-------- Source data --------
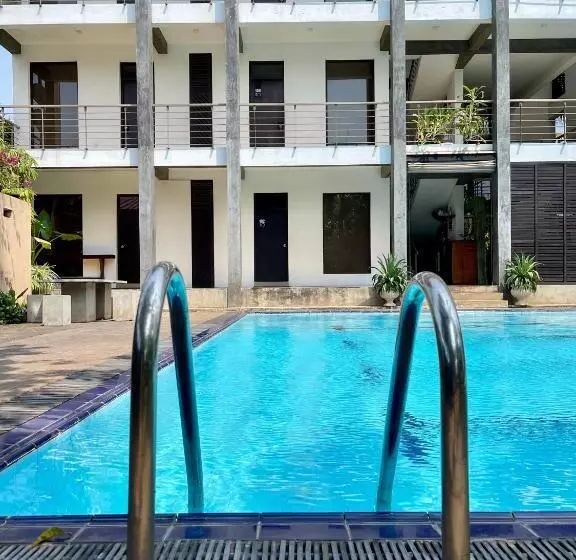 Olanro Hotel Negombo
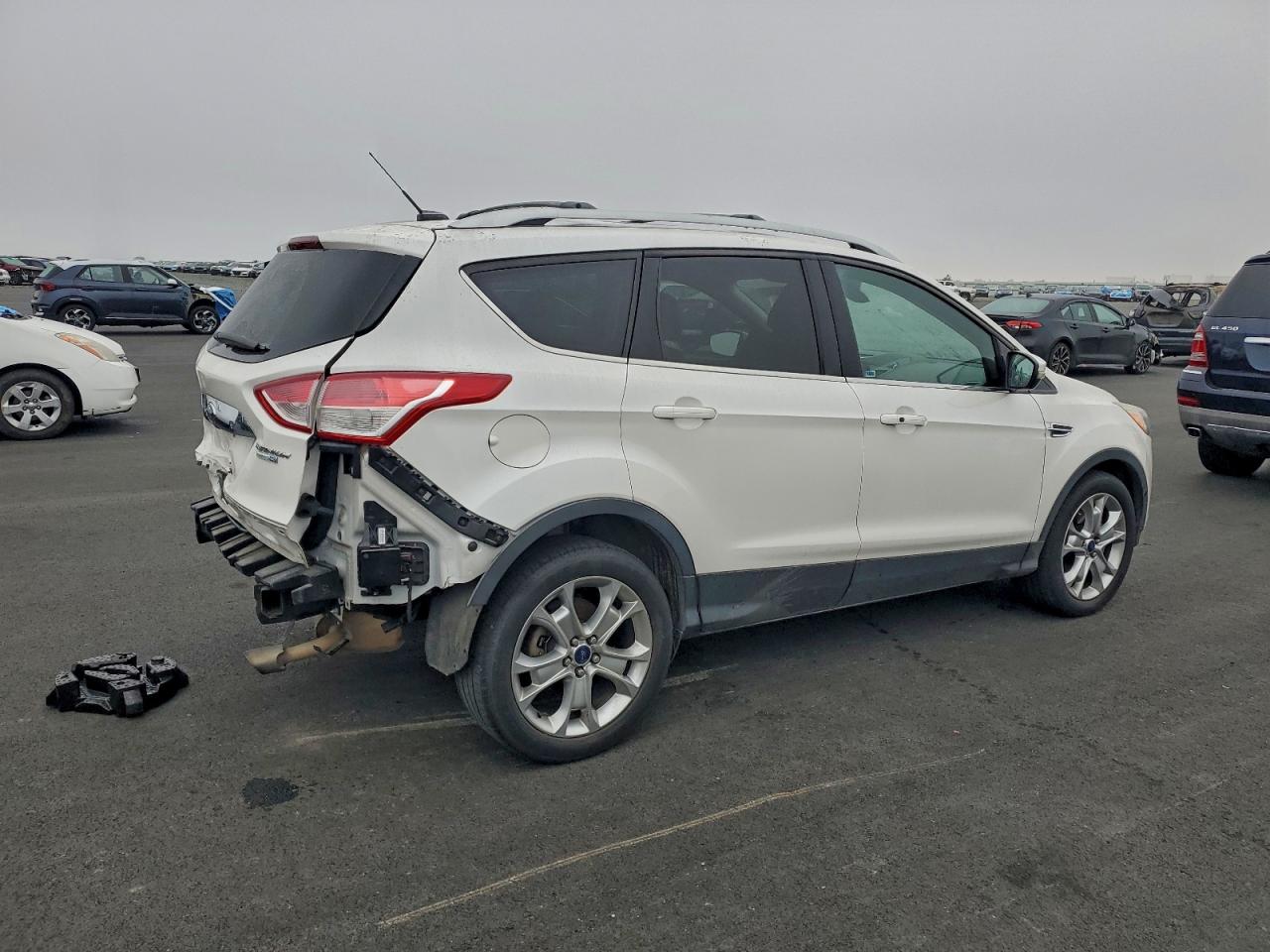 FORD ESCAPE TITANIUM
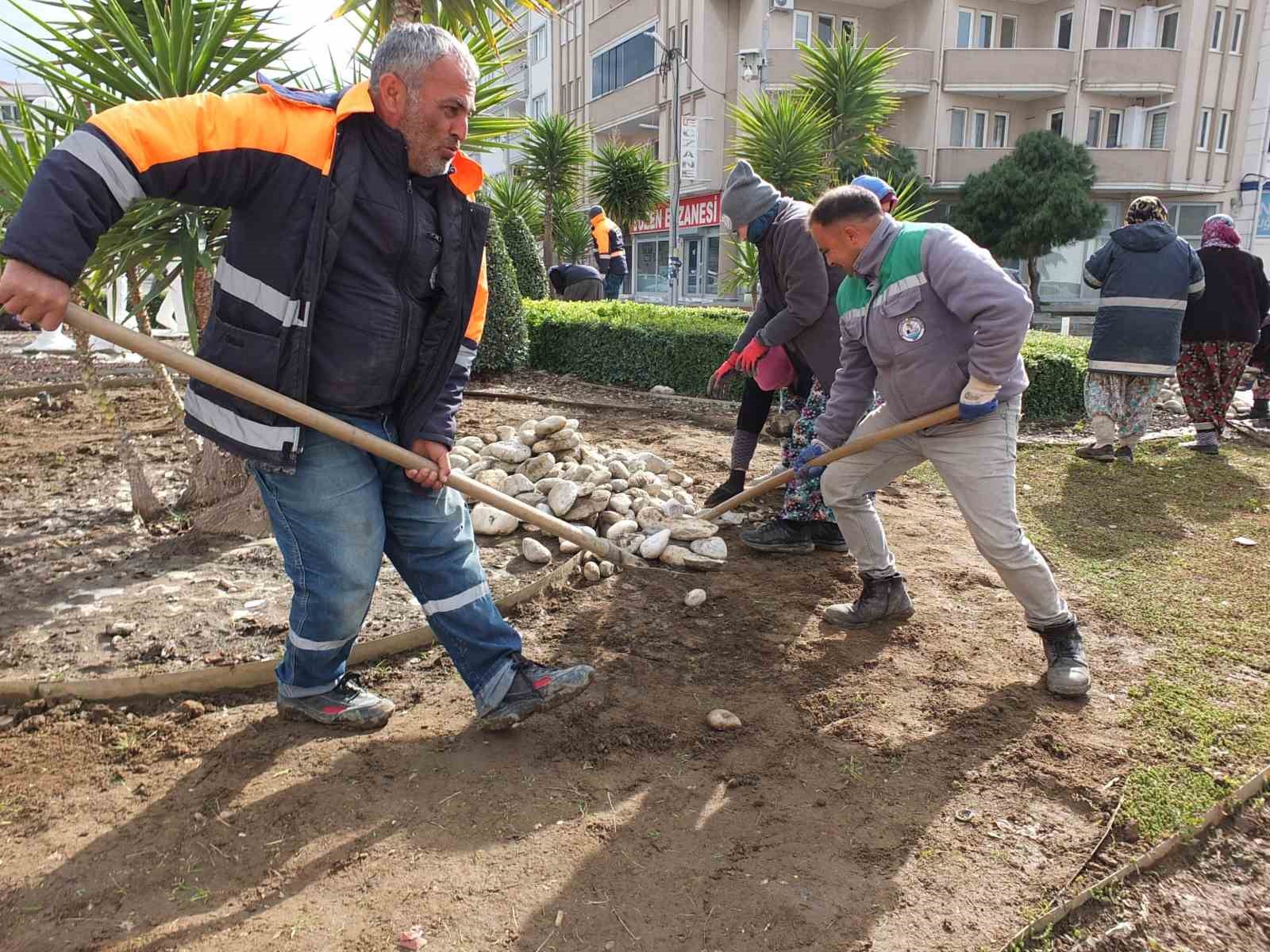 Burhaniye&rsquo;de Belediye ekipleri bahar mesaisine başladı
--------
-------- Source data --------
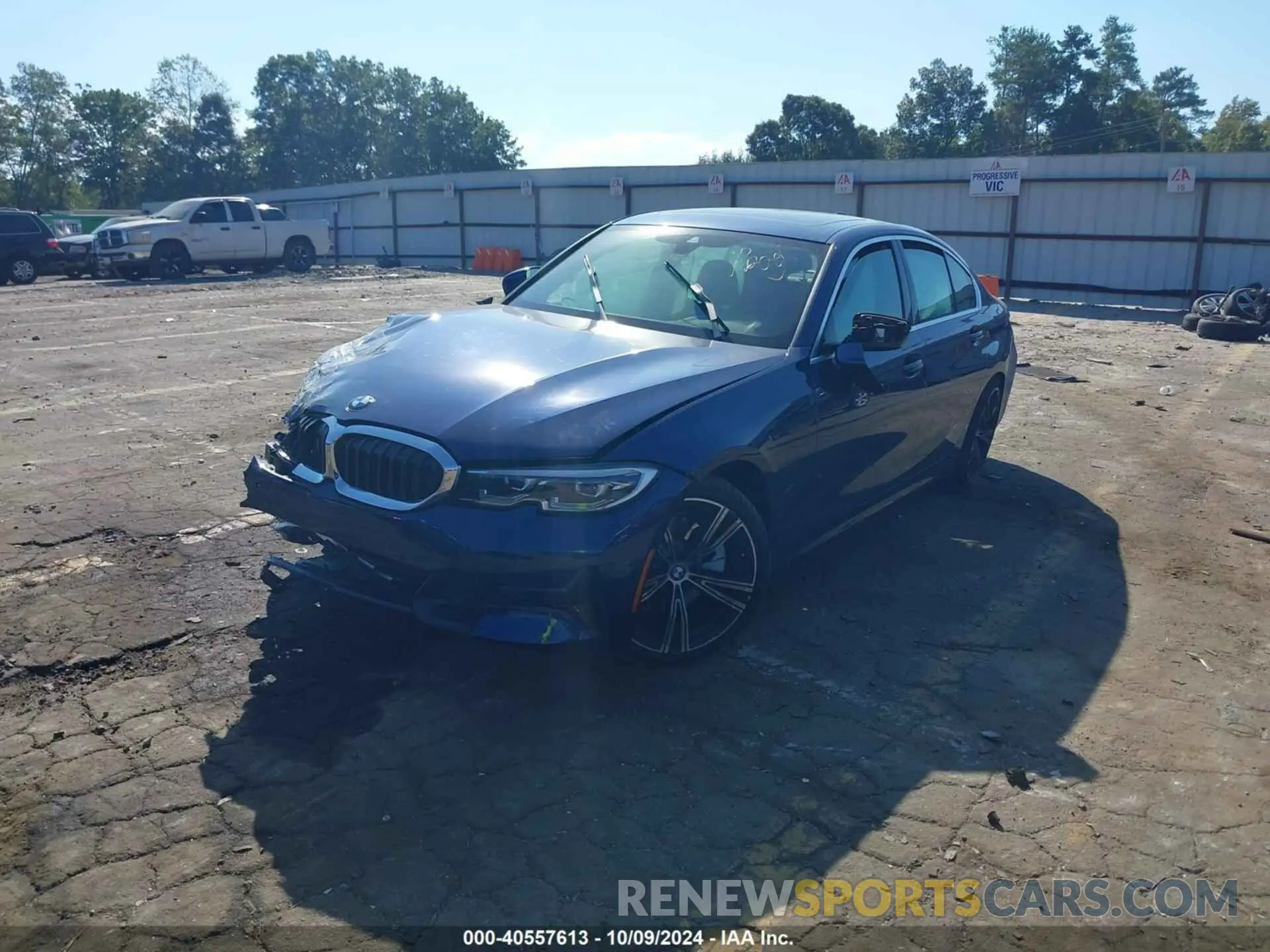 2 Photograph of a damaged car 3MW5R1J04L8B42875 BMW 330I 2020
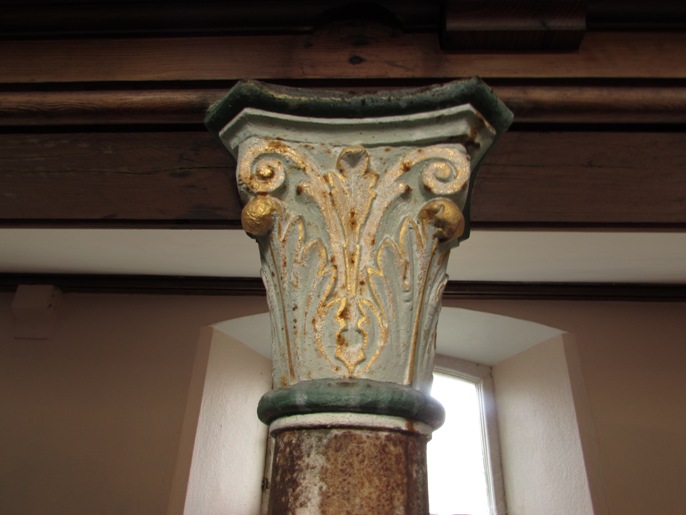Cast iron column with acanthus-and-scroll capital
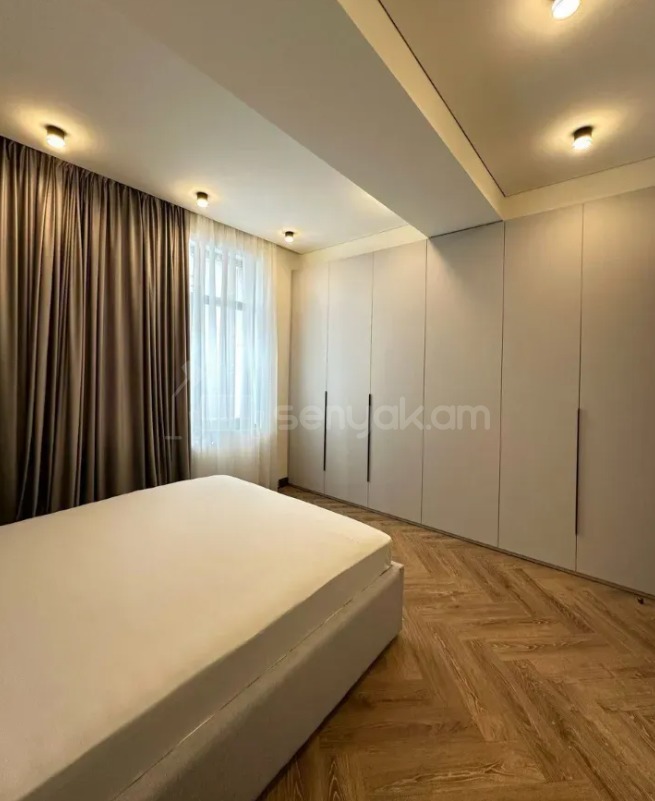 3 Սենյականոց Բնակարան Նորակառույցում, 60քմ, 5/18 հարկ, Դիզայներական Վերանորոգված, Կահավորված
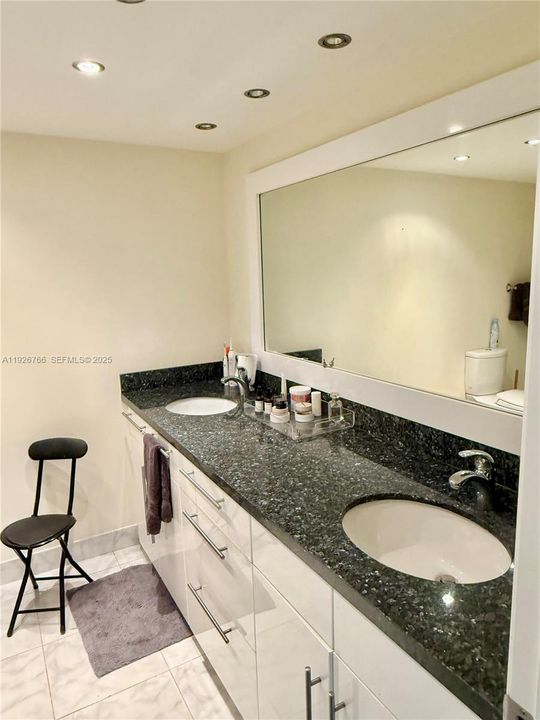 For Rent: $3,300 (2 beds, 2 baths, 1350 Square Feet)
--------
-------- Source data --------
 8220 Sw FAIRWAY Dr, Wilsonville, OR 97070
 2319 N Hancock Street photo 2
--------
● **Instructions for the task**
In the data above, find the line containing "FORD ESCAPE TITANIUM" and the line containing "Burhaniye&rsquo;de Belediye ekipleri". Repeat those two lines and everything between them exactly, minus the pictures.

● **Solved problem**
 FORD ESCAPE TITANIUM
 Burhaniye&rsquo;de Belediye ekipleri bahar mesaisine başladı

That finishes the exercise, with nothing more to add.